Thanks masta. I have the wine on cubes and will wait the 8 weeks, testing every other week to be sure. Actually I was wondering if there was any difference letting the contact begin during secondary or after stabilization. It sounds like contact time is contact time. I've never oaked a batch before. I imagine racking would include rinsing the cubes before putting them into the newer carboy.


----------



## Waldo (Nov 24, 2005)

You are correct jojo. You want to rinse the cubes wellbetween rackings. Probably not necessary but after rinsing I give mine a light spraydown of meta before I add them back to my carboy.


----------



## peterCooper (Dec 21, 2005)

Should I oak my cranberry apple? I have some heavy american and medium 
french on order from George. It looks like Il' be stabilizing and fining in 
about a week - 10 days.


----------



## peterCooper (Dec 21, 2005)

Oh, its a scratch wine so I have plenty of time.


----------



## Curt (Dec 21, 2005)

Peter,


You can oak any wine that you get a hankering to and are brave enough to try.

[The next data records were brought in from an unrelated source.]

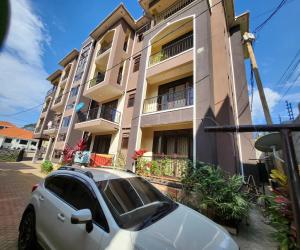 2 bedroom Apartment Block Apartment for rent Kyanja road  Kampala Central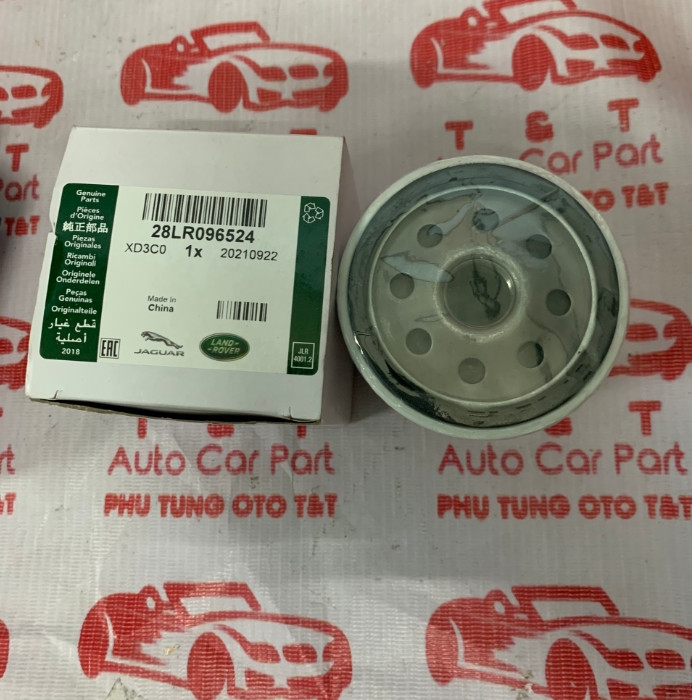 LR096524 -  Lọc Dầu Máy Land Rover Range Rover Discovery Sport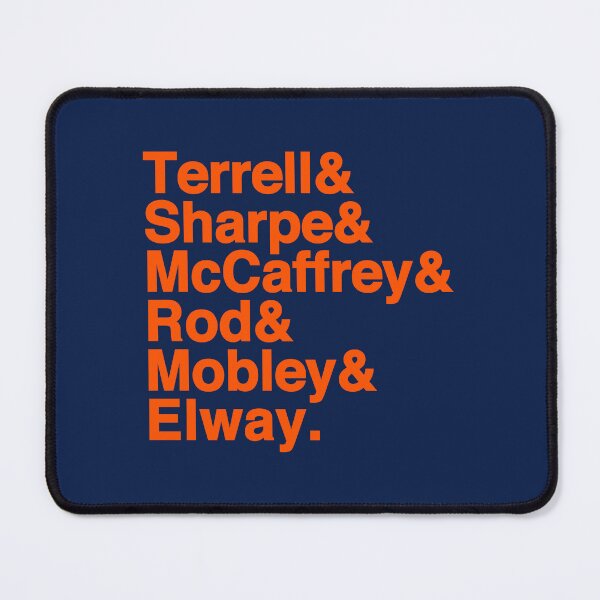 Item preview, 1998 Denver Football designed and sold by huckblade.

You might risk covering up a good bit of the delicate apple taste in your combo though. The cranberry is rowdy enough to hold it's own in most any fight.


----------



## bilbo-in-maine (Dec 21, 2005)

I can't remember if you did a 5 gallon batch Peter. If so, you could oak a 
portion as an experiment and still leave however many bottles you might 
choose unoaked as pure fruit wine.


----------



## peterCooper (Dec 22, 2005)

It a 6.5 gallon batch. Silly me, I put in 6 gallons of apple juice in and 
didn't figure the cranberry,raisin, current mixture, the bentonite and 
other things which brought the volume way up. I still have about 6.25 
gallons after transferring to secondary.

I'll be able to get a full 6 gallons without topping up when I rack off of the 
lees when the darn thing stops fermenting. It's been going for 14 days so 
far and getting 1 bloop evey two seconds still.

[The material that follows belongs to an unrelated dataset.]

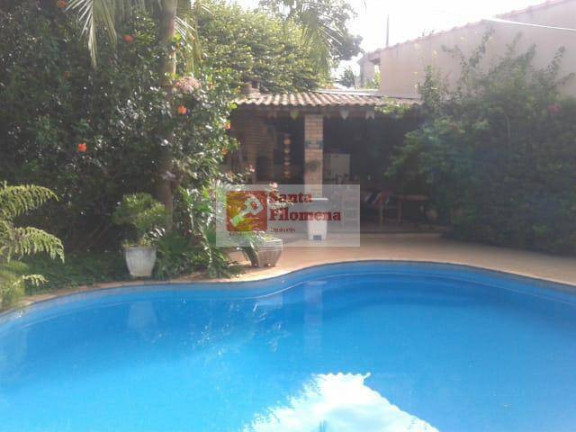 Foto do imóvel Sobrado com 2 Quartos à Venda, 509 m² em Vila Curuçá - Santo André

I can't test the SG because I broke my hydrometer three days ago. I have 
another coming when George can get it out. I bet he's busy a this time of 
the year. Three days ago the SG was 1.010 so I imagine it is below 1.000 
by now. I wanted this to be a pretty dry wine so I'm not planning to 
sweeten it back up. 

If I have enough left over after racking I'll experiment with a 375ml bottle, 
a little a sugar and a pinch of yeast to carbonate. Anyone tried with a 
single small bottle to give me a rough guide to amounts?
*Edited by: peterCooper *


----------



## NorthernWinos (Dec 22, 2005)

For 6 gallons we use 1 3/4 cup [14 oz by volume]sugar and one package of EC-1118 Champagne yeast.....so do the math....Think if you just want to do a smaller amount...lets say....take 3/4 of a gallon of wine.....1.7 oz of sugar [dissolved] [I think that is 10.2 teaspoons] and 1/8 package of yeast [rehydrated]....I think there is about 2 teaspoons of yeast in each package, but you could weight it out on a diet scale. If you want to do even a lesser amount just divide and check the amounts......Check all these figures...or ask Masta....he is good at sums.


We get a lot of bubbles and lees in the bottles, and have to disgorge them.....We tried a batch once with less sugar and put a few [un-re hydrated] grains of yeast in each bottle and got no bubbles...so it was a good lesson.


Be sure to use beer bottles and crown caps, or champagne bottles with crown caps or plastic stoppers and wire...lots of pressure in there.

This is the Site we used to get started.....


http://honeycreek.us/makingsparklingwine.htm


Good luck with the Apple bubbly...it's the best!!!!*Edited by: Northern Winos *


----------